→ **Provided data**:
Segment Open

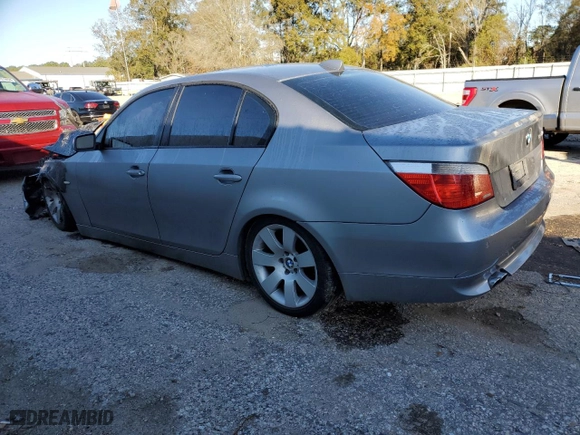 2007 BMW 5 Series 530i with VIN WBANE73527CM46373, listed as a Copart auction lot 87189814 with 0 mi miles and Salvage Title. Bid and sale history available at carsss.com. Image 2.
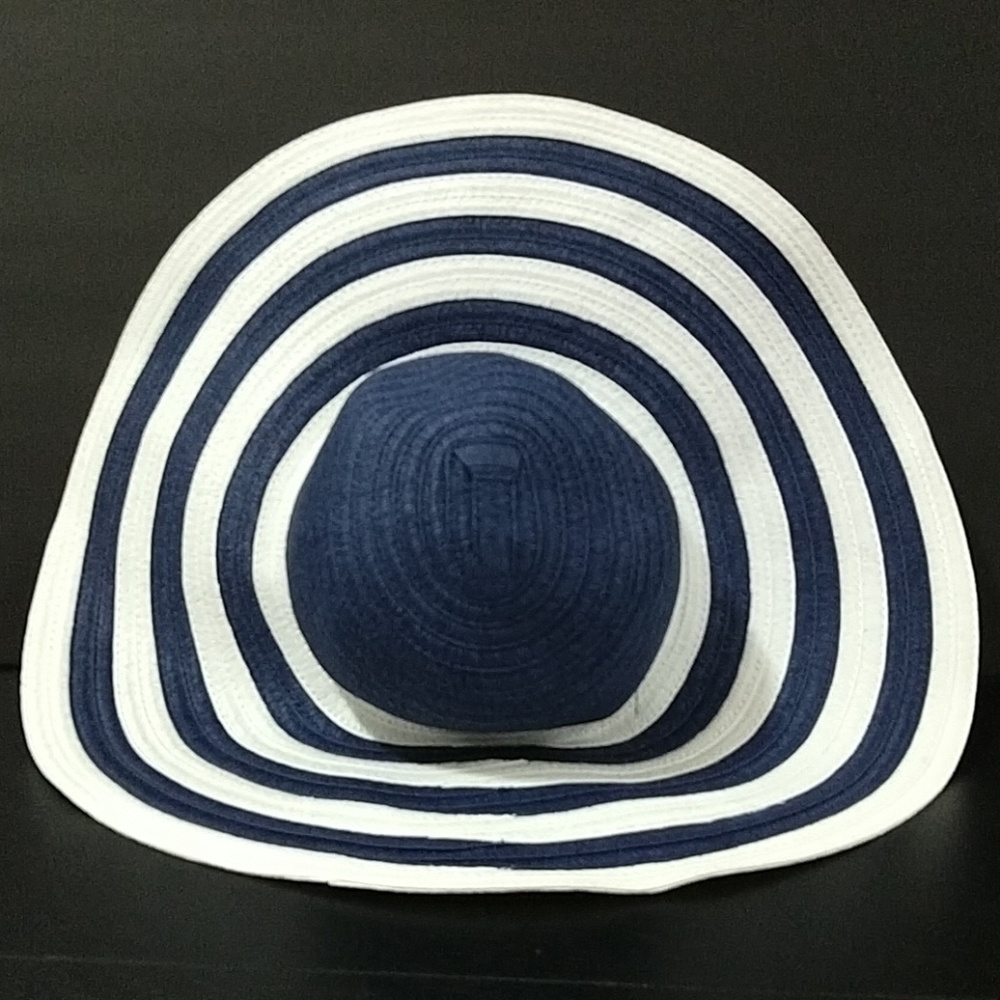 Vera Bradley Sun Hat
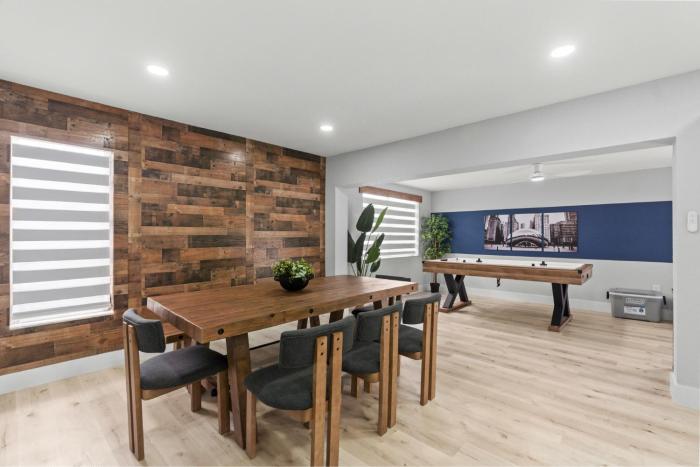 Chicago Vibe Heated Pool 5BR 2BTH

Segment Closed

→ **What you are asked to do**: Starting at the line that contains "Vera Bradley Sun Hat", restate each line verbatim through the final line of the listing, skipping all pictures.

→ **Expected answer**:
 Vera Bradley Sun Hat
 Chicago Vibe Heated Pool 5BR 2BTH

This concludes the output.